Digital Assets and Registered Exchanges Bill, 2020 to Provide Legal Framework to Regulate Issuance and Sale of Digital Assets

Thu, Nov 5th 2020, 09:00 PM

Deputy Prime Minister and Minister of Finance the Hon. K. Peter Turnquest explained that the Digital Assets and Registered Exchanges Bill, 2020 (DARE Bill) will provide the legal framework to regulate the issuance and sale of digital assets, or cryptoassets, including digital tokens.

“Furthermore, it sets the legal framework for the regulation of digital asset businesses involved in the issuance or sale of digital assets. These digital assets businesses include digital token exchanges and distributed ledger technology platforms,” DPM Turnquest stated as he introduced the Bill in the House of Assembly on Wednesday, November 4, 2020.

He said in providing the requisite legal certainty, including by providing a legal definition for digital assets and stipulating licencing and registration requirements, it lays the framework for the establishment of an industry, and for ensuing investment, entrepreneurial and employment opportunities, within a well-regulated environment.

The DPM stated that the Bill was designed to meet the compliance objectives of international standards-setting organisations, such as the Financial Action Task Force, with regard to anti-money laundering and countering terrorism financing measures in particular, as well as the relevant principles of the International Organization of Securities Commission. It lays the ground work for, and introduces sound investor protection standards.

He noted that the Commission performed extensive benchmarking in the development of the DARE Bill. The regulatory and legal frameworks of a number of jurisdictions were examined. These included, but were not limited to Bermuda, Gibraltar, Hong Kong, Ireland, Luxembourg, Malta, Singapore, Switzerland and the United States.

DPM Turnquest explained that these jurisdictions have taken different approaches to many aspects of the regulation and oversight of digital assets business.

He added that this Bill incorporates the best practices and the most suitable standards for this jurisdiction to provide a strong, inviting regulatory environment for participants in a manner that was safe for investors and consistent with best practices and standards.

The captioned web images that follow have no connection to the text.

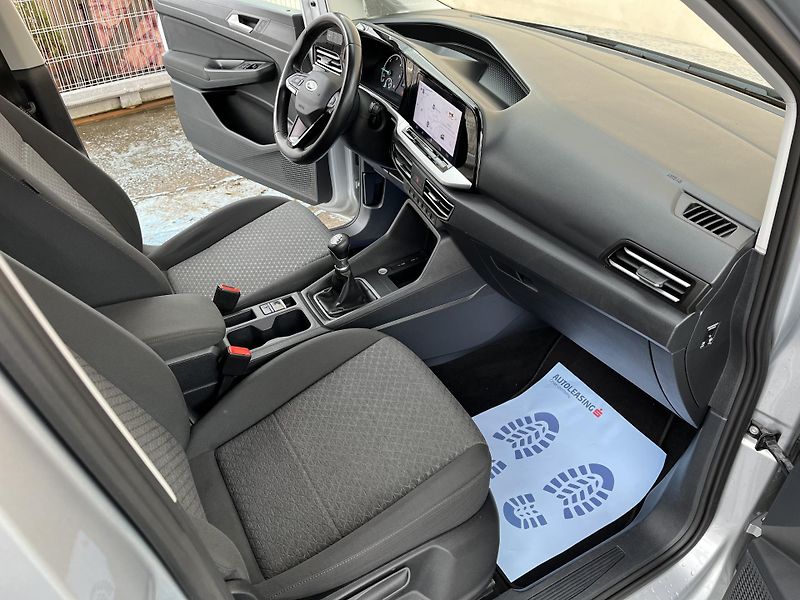 Volkswagen Caddy (2023) 2.0TDI 90KW Tourneo Connect 6r - fotka 10 z 33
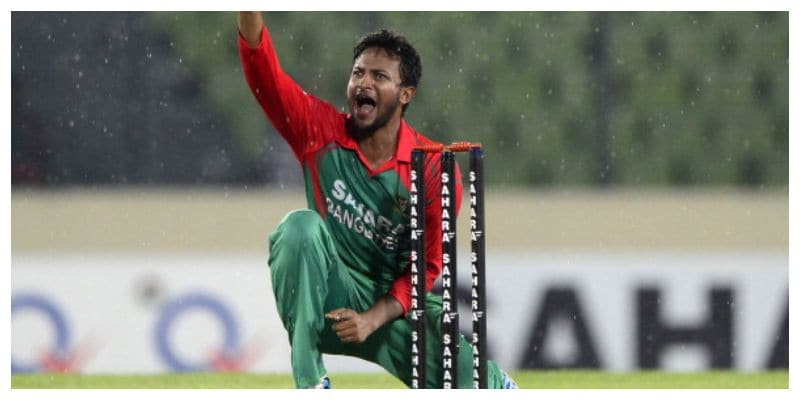 স্ত্রী সন্তানসম্ভাবা হওয়ায় বর্তমানে দেশে নেই শাকিব আল হাসান। দেশে না থাকলেও সাহায্যের হাত বাড়িয়ে দিয়েছেন তিনি। করোনার বিস্তার রোধ করতে খুলে ফেলেছেন শাকিব আল হাসান ফাউন্ডেশন। যে ফাউন্ডেশন অর্থসংগ্রহ করে ইতিমধ্যে করোনা পরীক্ষার কিট তুলে দিয়েছে বিভিন্ন হাসপাতালের হাতে।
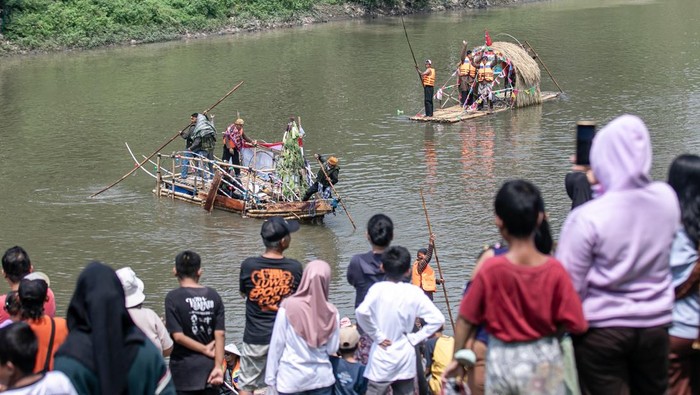 Bengawan Solo Hidup Kembali lewat Festival Gethek dan Tebar Mina Warga menaiki gethek atau rakit bambu pada acara Festival Gethek Tebar Mina di Sungai Bengawan Solo, Pucang Sawit, Jebres, Solo, Jawa Tengah, Minggu (24/8/2025). Acara tersebut untuk mengingatkan kembali fungsi vital sungai Bengawan Solo pada masa lalu sebagai sarana transportasi sekaligus upaya meningkatkan kesadaran masyarakat akan pentingnya menjaga kebersihan dan kelestarian sungai. ANTARA FOTO/Mohammad Ayudha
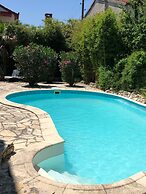 Apartment in Villa, Private Pool, big Garden, Close to sea and Old Zad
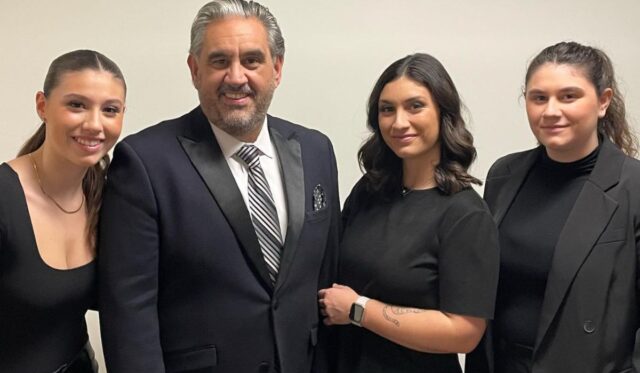 Marc Hervieux partage une rare photo avec ses 3 filles et elles ont vraiment changé Marc-hervieux-et-ses-3-filles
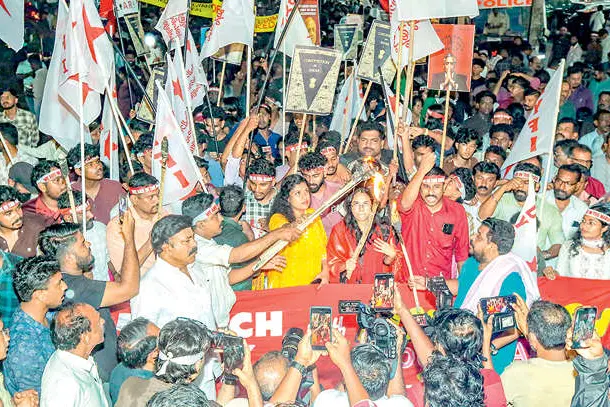 സംഘപരിവാർ ഭരണകൂടത്തിനു മുന്നിൽ തല കുനിക്കില്ല-ഐഷി ഘോഷ്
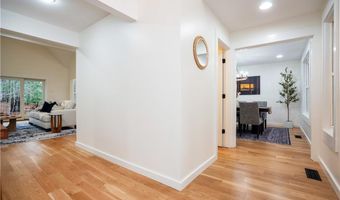 247 Glen Hill Dr, North Kingstown, RI 02874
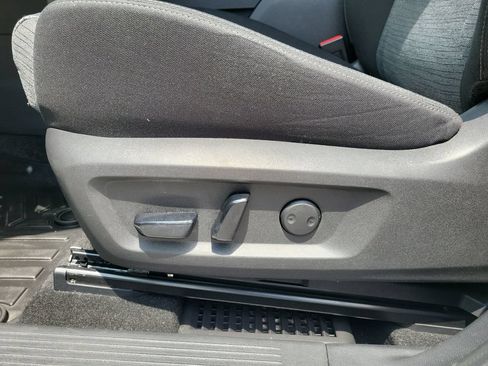 Used 2023 Nissan Rogue SV AWD/4WD image 16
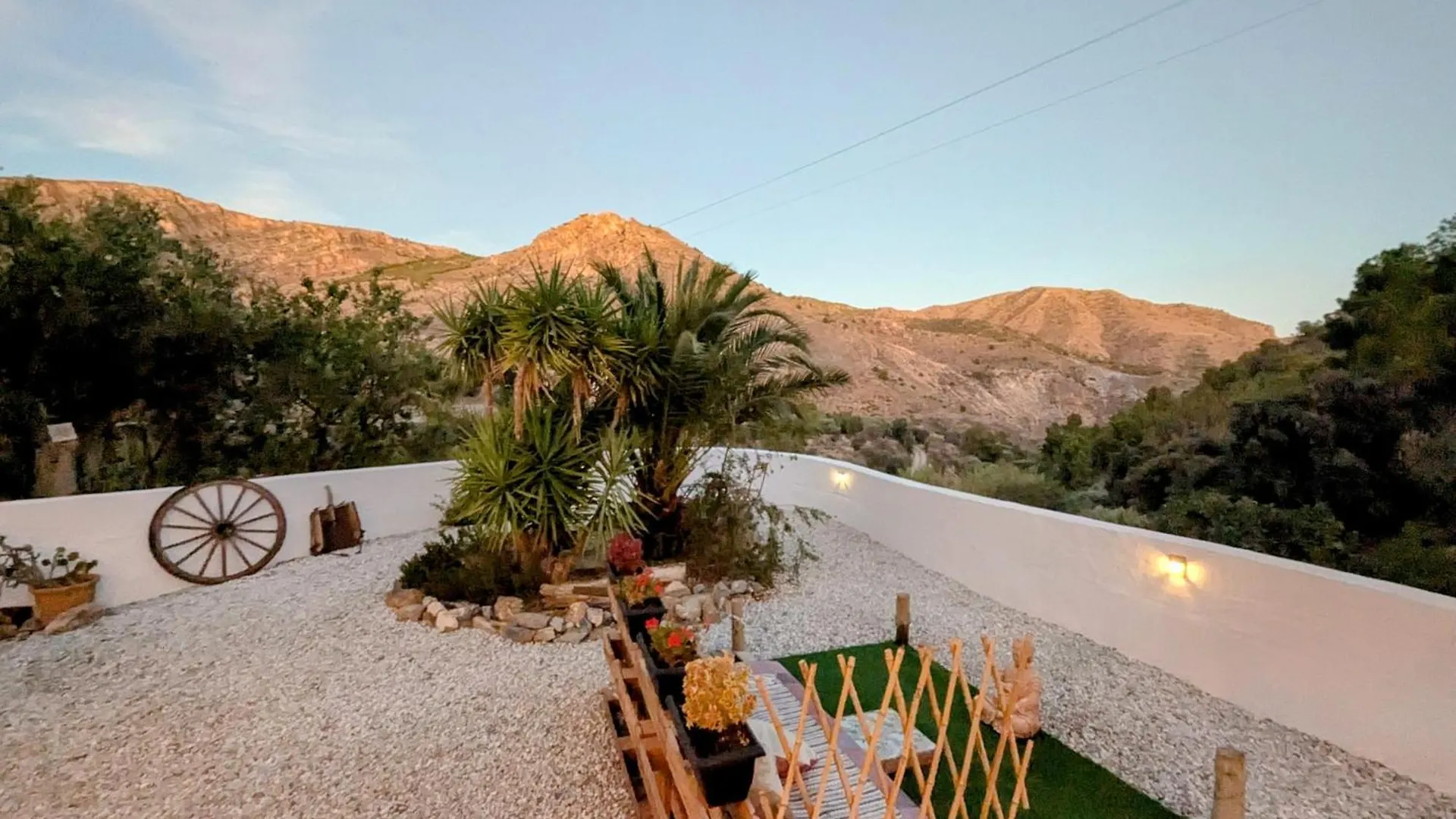 Casa Satori Bed & Breakfast Oria Spain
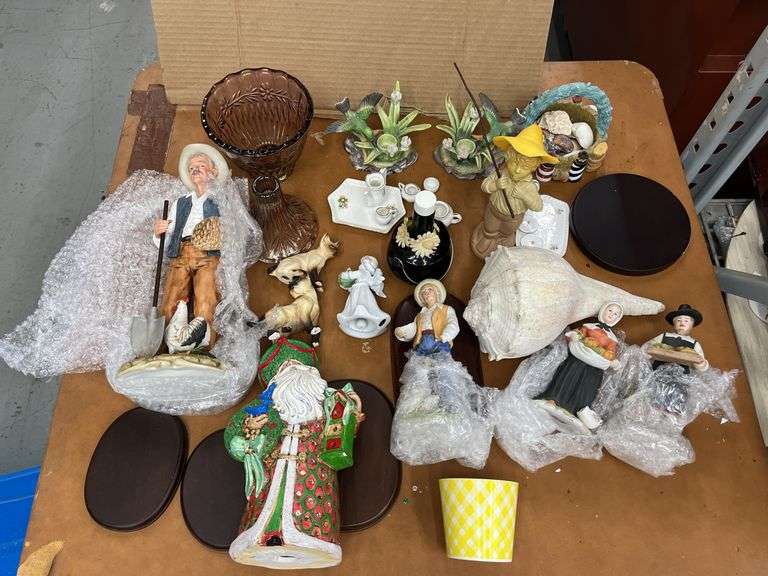 Collectibles lot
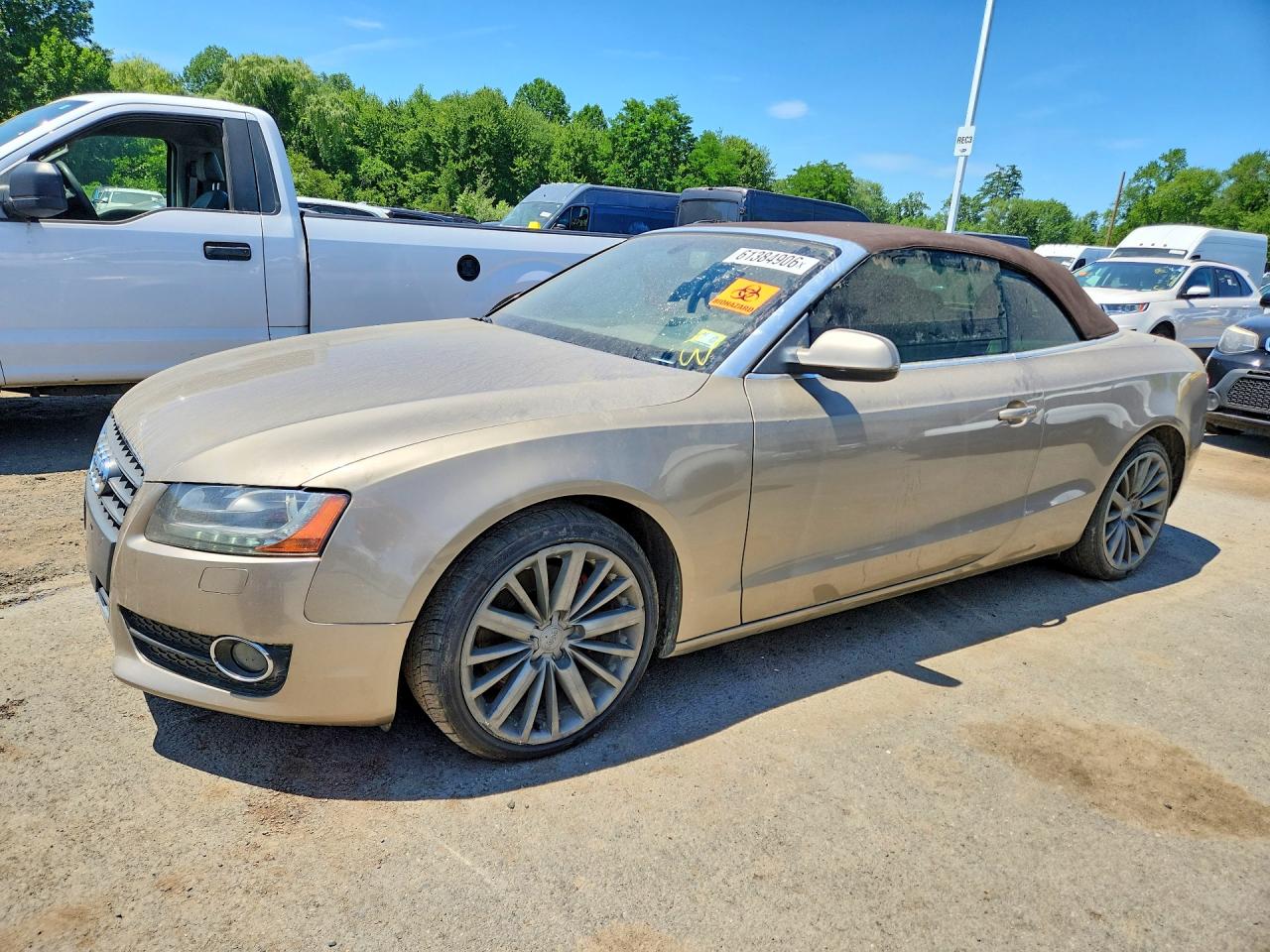 2011 Audi A5 Premium Plus Beige vin: WAULFAFH7BN010722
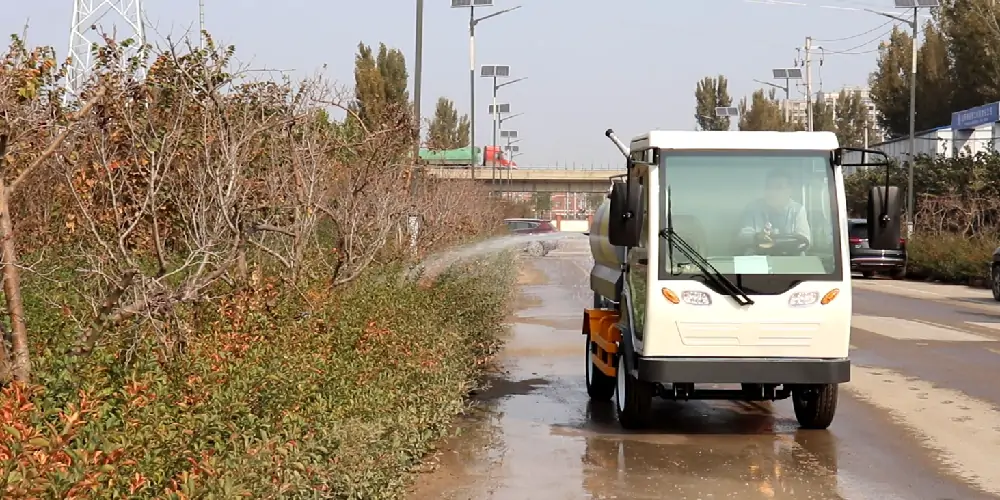 小型洒水抑尘车/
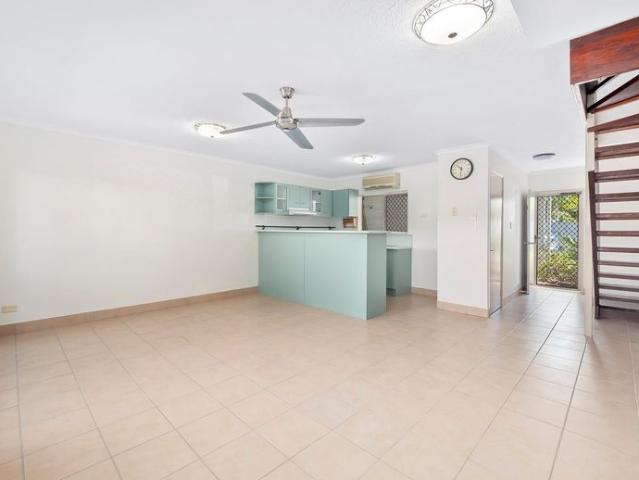 3 BEDROOM TOWNHOUSE WITH PRIVATE COURTYARD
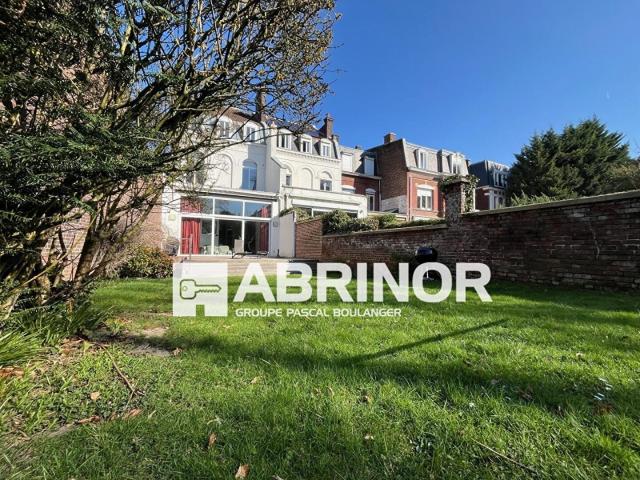 Maison 9 pièces 370 m²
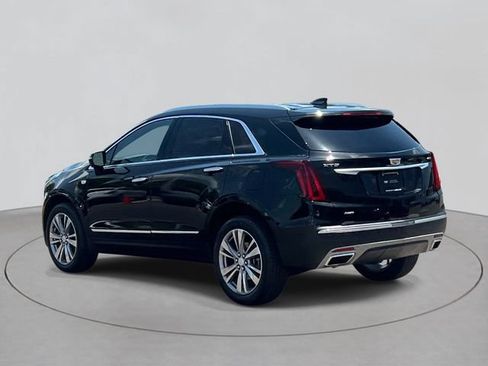 Certified 2024 Cadillac XT5 Premium Luxury AWD/4WD image 3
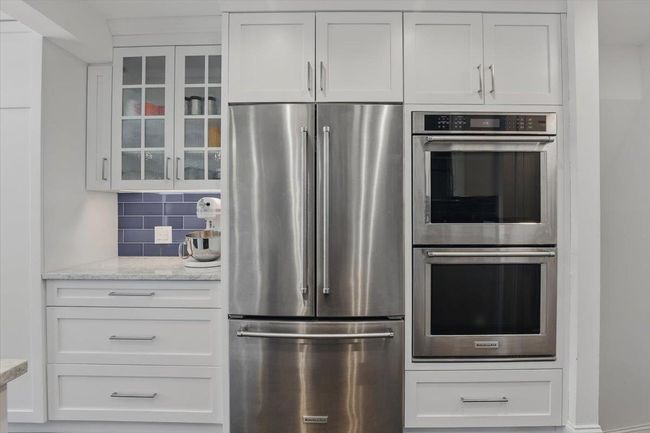 Kitchen | Image 11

The DPM said importantly, in providing definitions for digital assets, digital assets business and digital assets service providers, the Bill sets out the Commission’s conceptual framework and policy.

“In the process, the Commission carved out the unique regulatory space for digital assets business outside of the regulatory space of securities and securities business. This is a critical policy component, demanded by potential industry participants.”

He explained that the Bill provides legal definitions and provides registration and other requirements for digital tokens, digital token exchanges, Distributed Ledger Technology (or DLT), such as blockchain, DLT Platforms, token offerings, utility tokens, and smart contracts among other things.

DPM Turnquest said, “While the Bill defines such terms and activities and technologies, it does so with the purpose of focusing regulation on the providers of digital assets business and services. It does not seek to regulate the underlying technology itself.

“This is an important distinction, as the regulator, the Securities Commission of The Bahamas, which is celebrating its 25th anniversary this year, is quite experienced in the supervision, oversight and regulation of financial services providers. The regulatory principles, supervisory techniques and risk based approach to regulation positions the Commission to oversee these service providers.”

He stressed that importantly, the approach espoused in the legislation is in keeping with the recommendations of the Financial Action Task Force, or FATF. The DPM said, “FATF recommends that for new business lines and the introduction of products based on new technologies, that the regulatory focus is on the products and the service providers, not the technology itself. In the case of digital assets, this means the regulatory focus would be on what FATF refers to as virtual assets and the virtual assets service providers.”